Please print each entry below exactly as it reads.

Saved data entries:
Start of Block

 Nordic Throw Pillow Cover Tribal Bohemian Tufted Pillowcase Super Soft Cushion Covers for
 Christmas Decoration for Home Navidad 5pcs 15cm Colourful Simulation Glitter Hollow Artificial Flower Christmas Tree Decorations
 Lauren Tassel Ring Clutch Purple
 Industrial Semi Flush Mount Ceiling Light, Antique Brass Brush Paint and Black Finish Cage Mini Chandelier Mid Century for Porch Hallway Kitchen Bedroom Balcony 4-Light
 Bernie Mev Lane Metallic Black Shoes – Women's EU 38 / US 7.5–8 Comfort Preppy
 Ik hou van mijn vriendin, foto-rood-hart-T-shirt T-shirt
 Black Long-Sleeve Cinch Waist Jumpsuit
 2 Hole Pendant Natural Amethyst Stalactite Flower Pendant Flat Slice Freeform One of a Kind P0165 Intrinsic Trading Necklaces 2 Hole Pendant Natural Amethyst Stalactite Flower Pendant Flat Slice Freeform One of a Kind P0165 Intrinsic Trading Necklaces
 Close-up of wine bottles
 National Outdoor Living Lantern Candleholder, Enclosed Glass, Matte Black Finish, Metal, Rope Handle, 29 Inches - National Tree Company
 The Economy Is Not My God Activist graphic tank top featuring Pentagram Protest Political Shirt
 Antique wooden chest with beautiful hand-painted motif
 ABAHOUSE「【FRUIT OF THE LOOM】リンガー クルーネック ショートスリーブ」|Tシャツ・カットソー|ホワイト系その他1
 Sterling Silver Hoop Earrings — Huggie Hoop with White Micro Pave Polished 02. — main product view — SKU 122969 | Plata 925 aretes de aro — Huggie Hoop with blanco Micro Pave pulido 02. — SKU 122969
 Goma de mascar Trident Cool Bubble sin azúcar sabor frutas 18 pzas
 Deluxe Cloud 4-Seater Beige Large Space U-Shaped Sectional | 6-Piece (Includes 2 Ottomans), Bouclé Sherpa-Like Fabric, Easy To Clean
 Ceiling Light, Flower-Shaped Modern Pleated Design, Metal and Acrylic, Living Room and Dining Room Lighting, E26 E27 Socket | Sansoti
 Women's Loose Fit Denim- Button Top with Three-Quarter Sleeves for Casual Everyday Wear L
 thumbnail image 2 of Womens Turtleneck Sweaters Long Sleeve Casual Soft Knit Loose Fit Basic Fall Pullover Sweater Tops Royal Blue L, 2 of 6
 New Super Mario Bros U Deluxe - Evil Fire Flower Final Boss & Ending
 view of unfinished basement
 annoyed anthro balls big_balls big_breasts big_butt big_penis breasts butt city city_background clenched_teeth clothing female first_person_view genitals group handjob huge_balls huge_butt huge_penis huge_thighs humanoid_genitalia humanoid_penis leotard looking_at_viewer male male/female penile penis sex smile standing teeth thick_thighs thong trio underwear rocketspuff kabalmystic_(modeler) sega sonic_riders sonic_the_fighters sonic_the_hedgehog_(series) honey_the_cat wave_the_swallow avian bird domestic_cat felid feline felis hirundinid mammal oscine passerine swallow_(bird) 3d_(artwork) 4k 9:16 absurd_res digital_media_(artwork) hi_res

End of Block

• [Exercise output]:
 Nordic Throw Pillow Cover Tribal Bohemian Tufted Pillowcase Super Soft Cushion Covers for
 Christmas Decoration for Home Navidad 5pcs 15cm Colourful Simulation Glitter Hollow Artificial Flower Christmas Tree Decorations
 Lauren Tassel Ring Clutch Purple
 Industrial Semi Flush Mount Ceiling Light, Antique Brass Brush Paint and Black Finish Cage Mini Chandelier Mid Century for Porch Hallway Kitchen Bedroom Balcony 4-Light
 Bernie Mev Lane Metallic Black Shoes – Women's EU 38 / US 7.5–8 Comfort Preppy
 Ik hou van mijn vriendin, foto-rood-hart-T-shirt T-shirt
 Black Long-Sleeve Cinch Waist Jumpsuit
 2 Hole Pendant Natural Amethyst Stalactite Flower Pendant Flat Slice Freeform One of a Kind P0165 Intrinsic Trading Necklaces 2 Hole Pendant Natural Amethyst Stalactite Flower Pendant Flat Slice Freeform One of a Kind P0165 Intrinsic Trading Necklaces
 Close-up of wine bottles
 National Outdoor Living Lantern Candleholder, Enclosed Glass, Matte Black Finish, Metal, Rope Handle, 29 Inches - National Tree Company
 The Economy Is Not My God Activist graphic tank top featuring Pentagram Protest Political Shirt
 Antique wooden chest with beautiful hand-painted motif
 ABAHOUSE「【FRUIT OF THE LOOM】リンガー クルーネック ショートスリーブ」|Tシャツ・カットソー|ホワイト系その他1
 Sterling Silver Hoop Earrings — Huggie Hoop with White Micro Pave Polished 02. — main product view — SKU 122969 | Plata 925 aretes de aro — Huggie Hoop with blanco Micro Pave pulido 02. — SKU 122969
 Goma de mascar Trident Cool Bubble sin azúcar sabor frutas 18 pzas
 Deluxe Cloud 4-Seater Beige Large Space U-Shaped Sectional | 6-Piece (Includes 2 Ottomans), Bouclé Sherpa-Like Fabric, Easy To Clean
 Ceiling Light, Flower-Shaped Modern Pleated Design, Metal and Acrylic, Living Room and Dining Room Lighting, E26 E27 Socket | Sansoti
 Women's Loose Fit Denim- Button Top with Three-Quarter Sleeves for Casual Everyday Wear L
 thumbnail image 2 of Womens Turtleneck Sweaters Long Sleeve Casual Soft Knit Loose Fit Basic Fall Pullover Sweater Tops Royal Blue L, 2 of 6
 New Super Mario Bros U Deluxe - Evil Fire Flower Final Boss & Ending
 view of unfinished basement
 annoyed anthro balls big_balls big_breasts big_butt big_penis breasts butt city city_background clenched_teeth clothing female first_person_view genitals group handjob huge_balls huge_butt huge_penis huge_thighs humanoid_genitalia humanoid_penis leotard looking_at_viewer male male/female penile penis sex smile standing teeth thick_thighs thong trio underwear rocketspuff kabalmystic_(modeler) sega sonic_riders sonic_the_fighters sonic_the_hedgehog_(series) honey_the_cat wave_the_swallow avian bird domestic_cat felid feline felis hirundinid mammal oscine passerine swallow_(bird) 3d_(artwork) 4k 9:16 absurd_res digital_media_(artwork) hi_res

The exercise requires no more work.